Per procedere nel nostro commento ritengo opportuno un richiamo alla radici ebraiche di questa festa. Esso ci fa comprendere meglio lo sviluppo che ha assunto nei secoli, prima di assumere il significato e la sua forma attuale nell’ambito cristiano. Come la Pasqua anche la Pentecoste è un’eredità della tradizione religiosa ebraica. Essa era la seconda delle tre grandi feste ebraiche. Ciascuna veniva celebrata in un preciso periodo dell’anno e faceva memoria di un relativo evento di fede: la Pasqua, celebrata in primavera, ricordava il passaggio esodale; la Pentecoste, festeggiata in estate, celebrava il dono della Legge; la festa delle Capanne, celebrata in autunno, commemorava la precarietà del periodo di permanenza nel deserto. Nello specifico la Pentecoste veniva celebrata al termine di un periodo di sette settimane, quindi nel 50° giorno dopo la Pasqua, da cui il termine pentecoste (cf. Tb 2,1; 2 Mac 12, 31-32). Originariamente questo giorno veniva celebrato come ringraziamento a Dio dei frutti della terra, tra i quali il grano, perciò essa era ricordata anche come la festa dei covoni.
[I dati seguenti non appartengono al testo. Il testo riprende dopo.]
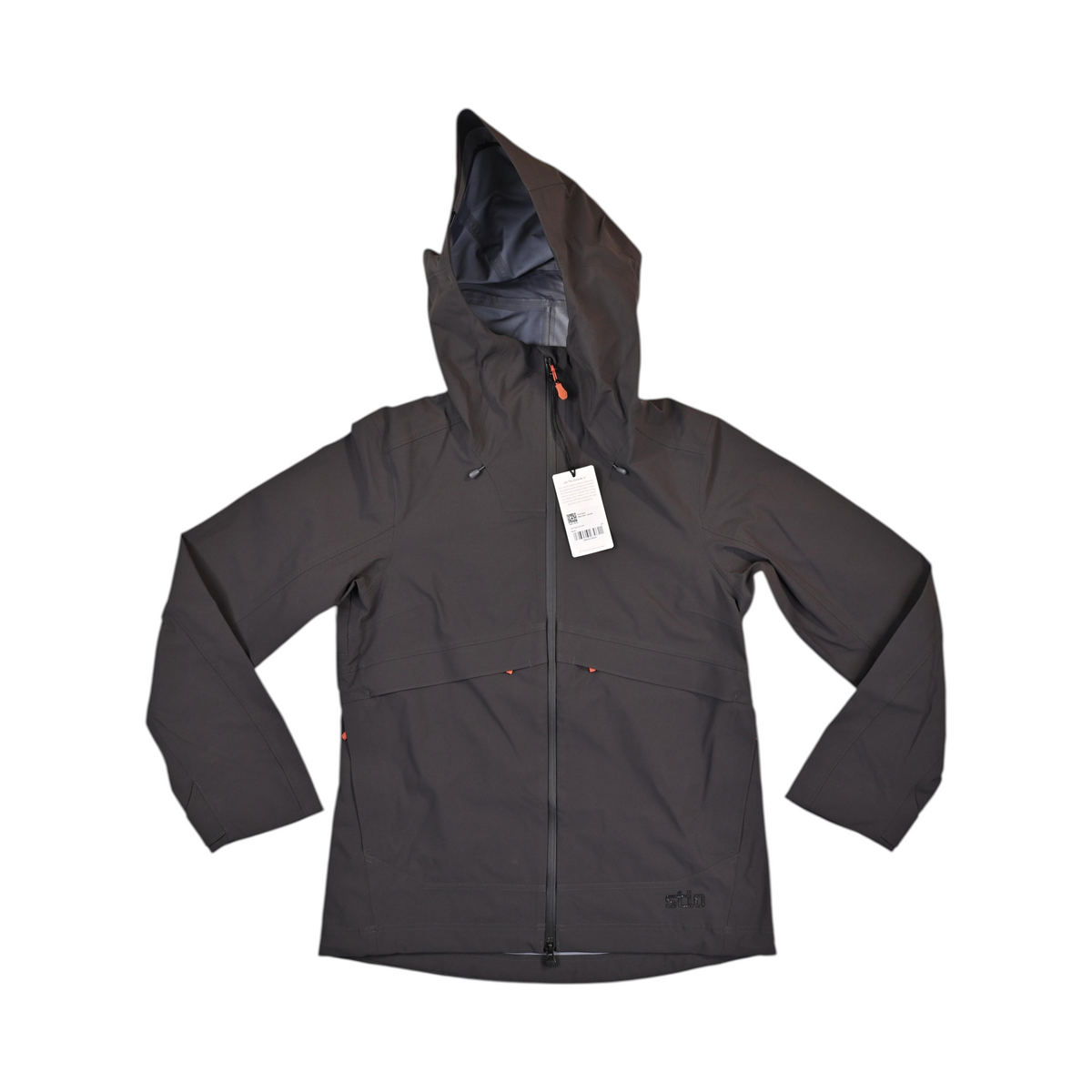 Stio Women's Softshell Jacket Skyrider Grey S USED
Una festa che gli ebrei ereditano a loro volta dalle religioni cananee, presenti nel territorio della terra promessa, dove si erano insidiati dopo l’esperienza dell’esodo. Essa segna perciò per Israele anche il passaggio dalla vita nomadica alla vita stanziale ed agricola. Col tempo, il dono del raccolto viene sostituito con quello della Legge, perciò la Pentecoste diventa la festa dell’alleanza che Dio stipula col suo popolo per mezzo della Legge. Al tempo di Gesù la Pentecoste era diventata la festa della Nuova Alleanza, di cui parla il profeta Geremia (cf. Ger 31. 31-34), da qui la festa dello Spirito Santo, celebrata dai cristiani, quale dono che Dio elargisce a quanti riconoscono Cristo come colui che stabilisce la definitiva alleanza tra l’uomo e Dio.
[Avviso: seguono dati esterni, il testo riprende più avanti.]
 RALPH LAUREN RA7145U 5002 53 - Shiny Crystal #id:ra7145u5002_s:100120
Nello specifico cristiano la Pentecoste ha un’importanza fondativa per lo sviluppo della Chiesa. Col dono dello Spirito si realizza infatti da una parte la promessa fatta da Gesù ai discepoli: “Io manderò su di voi quello che il Padre mio ha promesso” (Lc 24, 49); dall’altra, si dà origine all’avventura carismatica e missionaria della Chiesa nel mondo, secondo il mandato di Gesù: “Andate in tutto il mondo e predicate il vangelo ad ogni creatura” (Mc 16, 17). La Pentecoste, perciò, come afferma qualche studioso, segna una vera e propria svolta a livello ecclesiale: con essa finisce la predicazione di Gesù e comincia la predicazione su Gesù (R. Penna). Se l’Ascensione aveva chiuso il ciclo dell’esistenza terrena di Gesù, la Pentecoste apre quello dello Spirito e della Chiesa. La Chiesa costituisce così la ragione e il fine dell’opera dello Spirito. Egli non fa che portare a compimento l’opera iniziata da Gesù, attraverso i doni che la costituiscono. In questo senso ogni dono concorre alla realizzazione della Chiesa: la sapienza, la scienza, la fede, le guarigioni, i miracoli, la profezia, il discernimento, le lingue, l’interpretazione (cf. 1 Cor 12, 8-10), e cosi i ruoli: gli apostoli, i profeti, i maestri (cf. 1 Cor 12, 28). “A ciascuno è data una manifestazione particolare dello Spirito per il bene comune” (1Cor 12, 7). Tutto concorre alla rivelazione, alla comprensione e alla realizzazione del mistero di Cristo nella Chiesa, ovvero l’amore trinitario. Ecco allora il miracolo di Pentecoste: compiere tra tutti i popoli il disegno d’amore di Dio, parlando l’unica lingua dello Spirito: l’amore.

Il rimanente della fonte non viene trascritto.